Je ne croyais pas possible qu’un film qui ait reçu la Palme d’or à Cannes puisse être autre chose qu’un navet, voire un film pornographique. Je me trompais : autrefois, cela existait, apparemment…

Mission est un film vraiment intéressant, tant du point de vue historique que religieux. Il est inattendu que le film soit britannique, mais cela fonctionne très bien.

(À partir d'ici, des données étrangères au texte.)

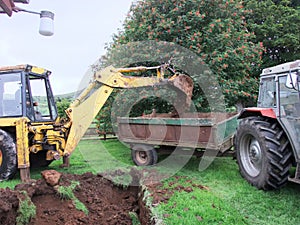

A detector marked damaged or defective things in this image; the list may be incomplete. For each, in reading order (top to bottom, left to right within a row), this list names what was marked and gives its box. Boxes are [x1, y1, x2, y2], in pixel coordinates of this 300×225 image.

rusty metal trailer [117, 112, 237, 165]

Ce film nous permet de mieux comprendre l’ambiance délétère des années 1750 au sein des cours européennes, et comment, par la suppression des missions jésuites d’Amérique du Sud que met en scène le film, l’ordre entier sera expulsé de tous les pays d’Europe de l’Ouest encore catholiques, et ouvrira en grand les valves du poison des Lumières et des forces révolutionnaires pour la Révolution. Pire : cette suppression de l’ordre fut comme une répétition générale de la Révolution, qui donna aux révolutionnaires l’assurance qu’ils pouvaient aller bien plus loin grâce à la faible résistance des prélats et des rois devant leurs menées1

Nous avons un enseignement puissant à tirer de ce film, outre les connaissances purement historiques : jamais la compromission n’a fonctionné, et jamais sacrifier la justice par une fausse charité (par faiblesse ou par lâcheté, en réalité) ne fonctionne : les ennemis sont des ennemis ; ne feignons pas de les considérer comme autre chose. Cela ne peut apporter que des catastrophes… L’on peut (et l’on doit !) aimer son ennemi, prier pour lui et pour sa conversion tout en le combattant, ce n’est pas contradictoire, bien au contraire !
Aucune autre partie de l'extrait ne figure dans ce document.